There was no requirement to "apply" to university, either, unless it was for some highly professional degree like medicine or legal. Anyone could walk in off the street - and I literally did - and take History, Political Science, Communications, Art, Anthropology and so on. Drama or Music required an audition; I could have managed Drama, I'm sure. Instead I took Humanities, which was broken into five parts: religious studies, English, philosophy, languages and classical history. I filled out the forms and Todd and I wandered the campus. Four days later, I was told my paper work was fine.
I went down to my bank and filled out paperwork for a student loan. I had practically no money in the bank and it didn't matter. I went back to the university and took a course in each of the five humanities subjects, to decide which I would like enough to declare my major. All were introductory; I picked Russian as a language. My Russian is очень плохо. That is, "ochen ploka," or very bad. Dismal, even. The reader probably knows more Russian than I do.

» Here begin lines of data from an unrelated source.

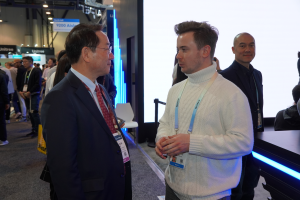 After the session, Mayor Yoo Jeong-bok (left) greeted and discussed with Leo Thevenet (right), Founder and Editor of the French media Le Cafe du Geek.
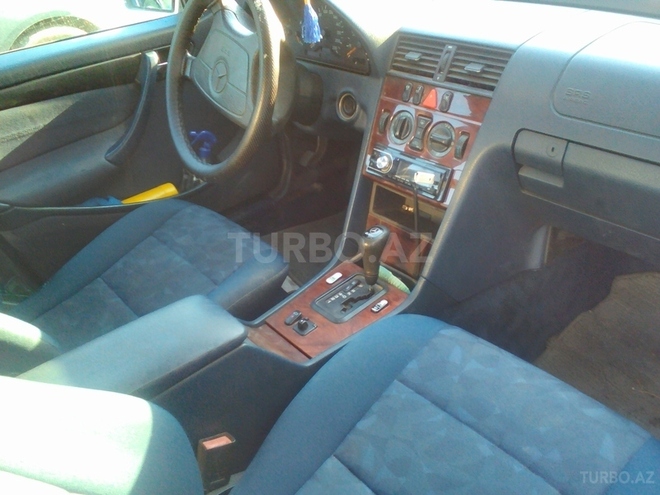 Mercedes C 250 1997, 290,000 km - 2.5 l - Bakı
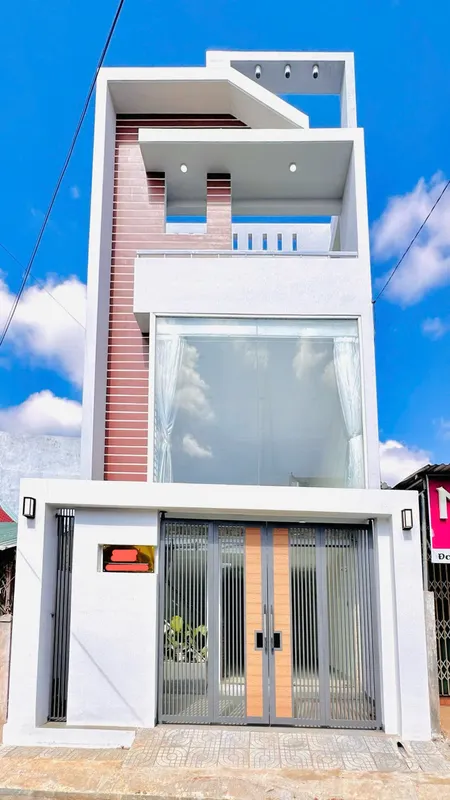 NHÀ MẶT TIỀN LÊ THỊ RIÊNG GẦN CAO ĐẲNG SƯ PHẠM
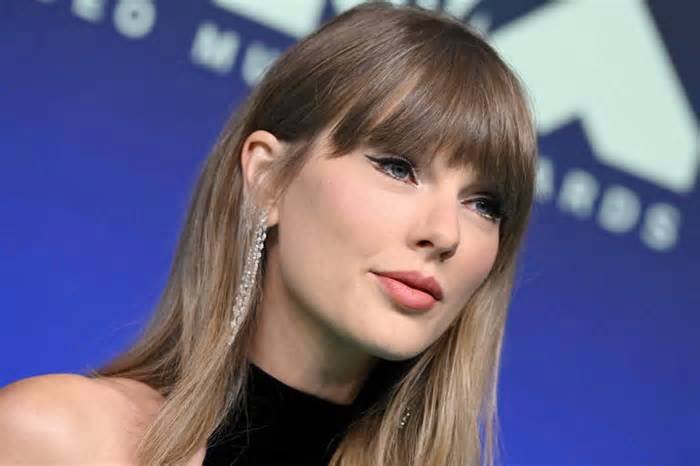 Taylor Swift Celebrates Travis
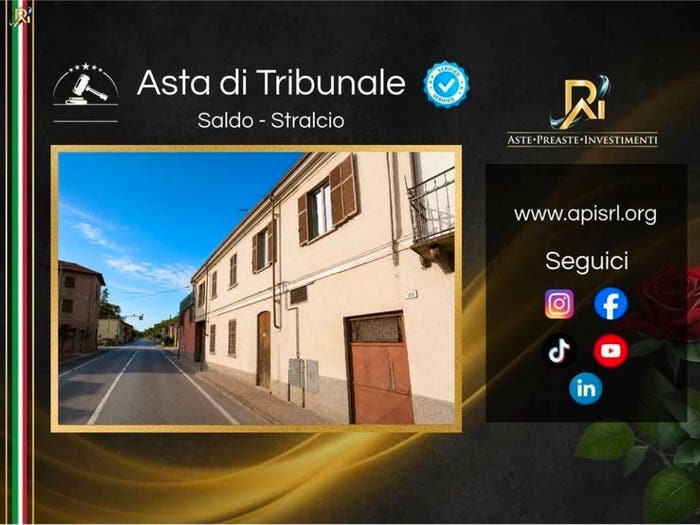 Appartamento quadrilocale in vendita in Via Roma, Centro, Castello di Annone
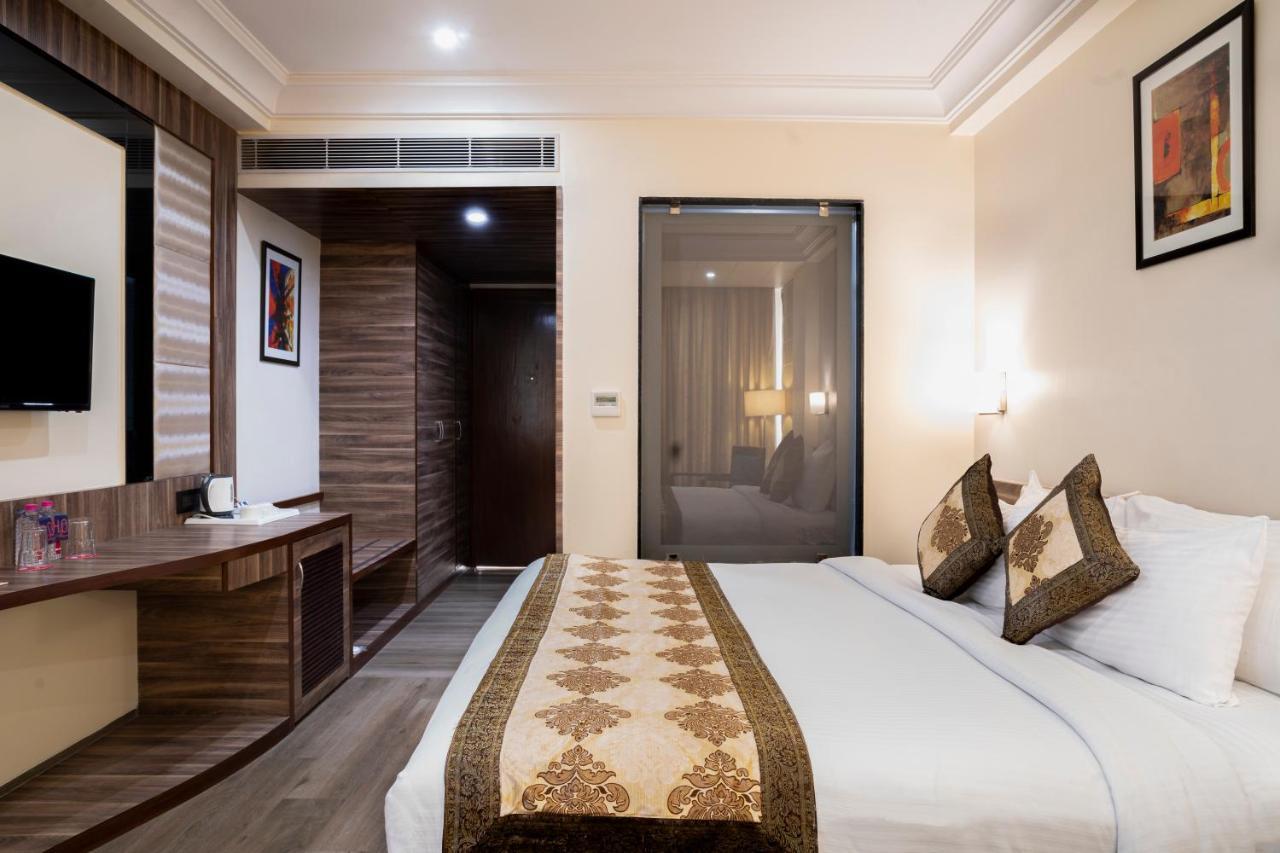 Spree Hotel Jaipur Extérieur photo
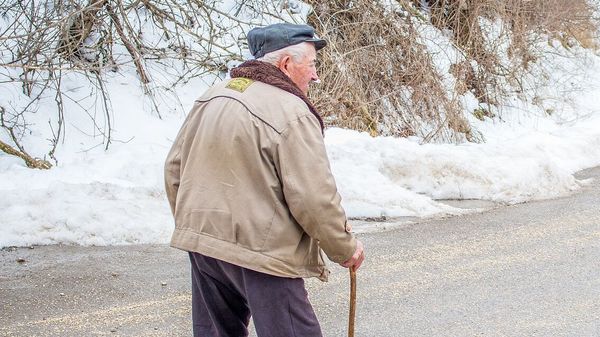 Un grand-père veut mourir avec une dernière "blague" osée, son petit-fils en plein dilemme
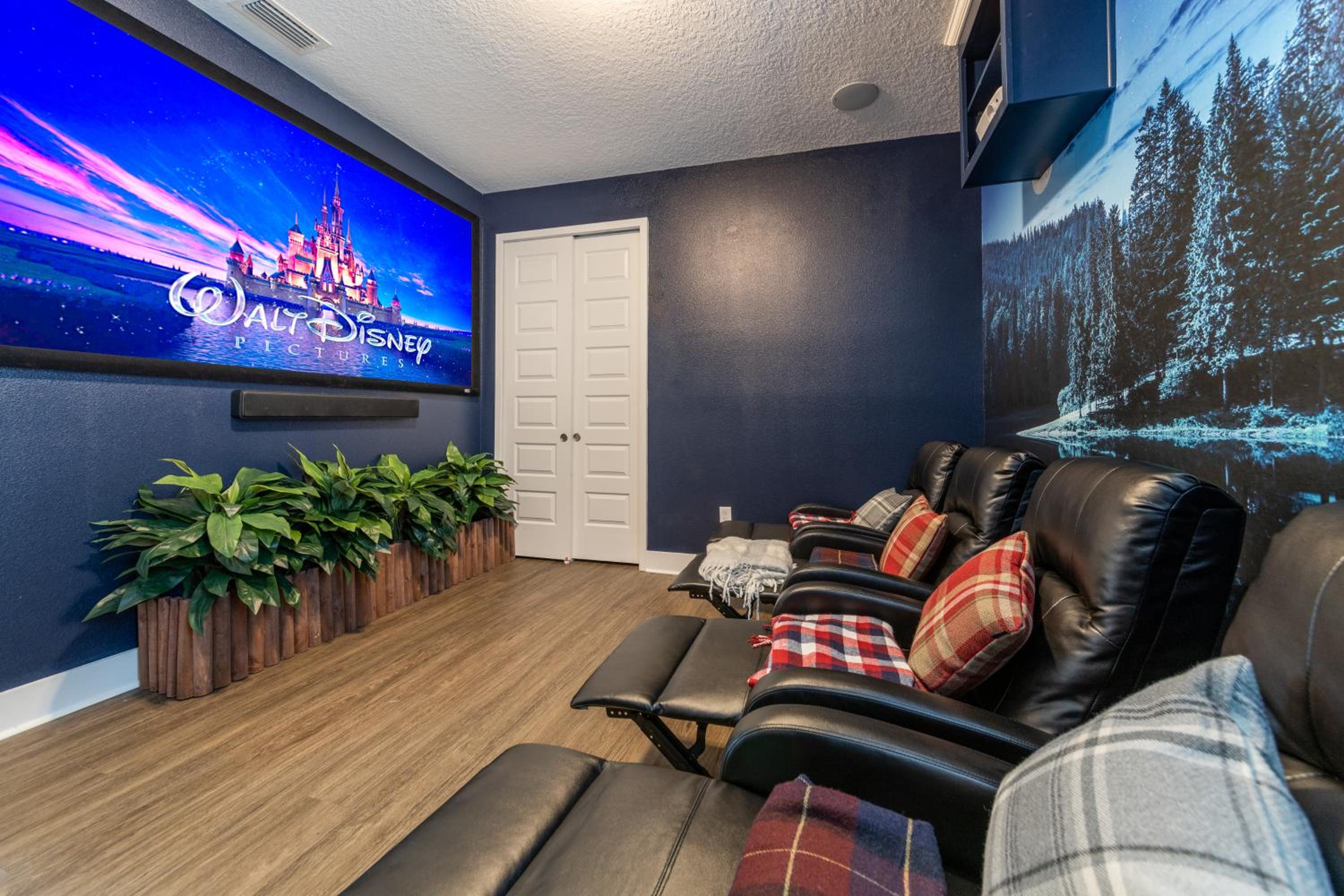 Encore Resort and Water Park at Reunion by Rentyl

I would eventually settle on Classical History: Greeks, Romans, Plutarch, Herodotus, Livy, Suetonius, Thucydides, Xenophon, Tacitus, Polybius . . . all the greats.
It is the defining characteristic of my life to embark upon things in such fashion. Not because I leap without looking, but because I am willing to look and assess so very quickly and then go. Most want to mull over these things and mull over them again. I understand. I have repeatedly gotten myself into scrapes, like the one I'm in now, because I'm more concerned with leaping that protecting myself. And when the circumstances change - such as the economic slump that is going on in Alberta right now - I often get caught in it.
That slump is pretty bad. Most of my friends are unemployed now. Some are told day to day that they may not be there next week. One fellow I know has been let go twice but then had the decision reversed at the last moment. We're all just hanging on by our fingernails. These are bad times. It has been pretty much my only option to monetize this site, because it is all my partner and I have.
I do apologize for that. I try not to feel ashamed about that. I was going to write a very difficult post today about finding a saving grace - but then a saving grace arrived without my needing to do that. Thank you, good fellow - you know who you are - for thinking me worth it. I shall endeavor to measure up to that trust.
So, we'll be here another month. Looks like I'll be packing up and going out of my place the end of June. That's just how it is going to play. Step down, catch my breath, hope the economy gets better and take another swing at this life thing later. Finish the book. Keep working. Get back to playing the game again. Get back to those good times I had.